__BRIEF__: Reproduce, from the lines below, exactly the stretch that begins at the line containing "Mountbatten Bungalow- Thema Collection" and ends at the line containing "Two Bedroom Apartmant Marijano With Garden *", both included.

__INFORMATION__:
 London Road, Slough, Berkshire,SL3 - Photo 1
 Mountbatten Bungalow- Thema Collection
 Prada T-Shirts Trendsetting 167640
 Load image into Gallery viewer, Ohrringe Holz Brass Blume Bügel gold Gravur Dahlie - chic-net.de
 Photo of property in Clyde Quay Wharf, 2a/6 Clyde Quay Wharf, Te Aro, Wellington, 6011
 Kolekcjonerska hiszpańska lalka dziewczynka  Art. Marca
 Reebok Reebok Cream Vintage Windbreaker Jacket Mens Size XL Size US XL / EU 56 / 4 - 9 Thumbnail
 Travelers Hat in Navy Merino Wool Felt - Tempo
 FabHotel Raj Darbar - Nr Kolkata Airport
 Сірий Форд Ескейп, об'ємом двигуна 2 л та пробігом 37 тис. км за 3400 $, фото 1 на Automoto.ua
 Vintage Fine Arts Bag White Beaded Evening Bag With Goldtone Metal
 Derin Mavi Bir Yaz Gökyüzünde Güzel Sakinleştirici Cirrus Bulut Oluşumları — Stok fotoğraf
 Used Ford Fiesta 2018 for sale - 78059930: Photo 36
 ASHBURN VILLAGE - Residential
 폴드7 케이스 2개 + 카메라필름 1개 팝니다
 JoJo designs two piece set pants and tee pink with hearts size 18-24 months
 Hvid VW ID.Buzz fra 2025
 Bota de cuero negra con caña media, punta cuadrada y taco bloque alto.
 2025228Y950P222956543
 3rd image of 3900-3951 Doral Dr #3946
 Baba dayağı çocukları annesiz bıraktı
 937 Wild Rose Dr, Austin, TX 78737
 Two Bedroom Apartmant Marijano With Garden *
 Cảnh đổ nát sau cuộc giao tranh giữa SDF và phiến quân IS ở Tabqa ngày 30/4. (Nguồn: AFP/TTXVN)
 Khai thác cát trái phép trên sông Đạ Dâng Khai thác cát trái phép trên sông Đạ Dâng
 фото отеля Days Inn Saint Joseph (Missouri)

__PROBLEM SOLUTION__:
 Mountbatten Bungalow- Thema Collection
 Prada T-Shirts Trendsetting 167640
 Load image into Gallery viewer, Ohrringe Holz Brass Blume Bügel gold Gravur Dahlie - chic-net.de
 Photo of property in Clyde Quay Wharf, 2a/6 Clyde Quay Wharf, Te Aro, Wellington, 6011
 Kolekcjonerska hiszpańska lalka dziewczynka  Art. Marca
 Reebok Reebok Cream Vintage Windbreaker Jacket Mens Size XL Size US XL / EU 56 / 4 - 9 Thumbnail
 Travelers Hat in Navy Merino Wool Felt - Tempo
 FabHotel Raj Darbar - Nr Kolkata Airport
 Сірий Форд Ескейп, об'ємом двигуна 2 л та пробігом 37 тис. км за 3400 $, фото 1 на Automoto.ua
 Vintage Fine Arts Bag White Beaded Evening Bag With Goldtone Metal
 Derin Mavi Bir Yaz Gökyüzünde Güzel Sakinleştirici Cirrus Bulut Oluşumları — Stok fotoğraf
 Used Ford Fiesta 2018 for sale - 78059930: Photo 36
 ASHBURN VILLAGE - Residential
 폴드7 케이스 2개 + 카메라필름 1개 팝니다
 JoJo designs two piece set pants and tee pink with hearts size 18-24 months
 Hvid VW ID.Buzz fra 2025
 Bota de cuero negra con caña media, punta cuadrada y taco bloque alto.
 2025228Y950P222956543
 3rd image of 3900-3951 Doral Dr #3946
 Baba dayağı çocukları annesiz bıraktı
 937 Wild Rose Dr, Austin, TX 78737
 Two Bedroom Apartmant Marijano With Garden *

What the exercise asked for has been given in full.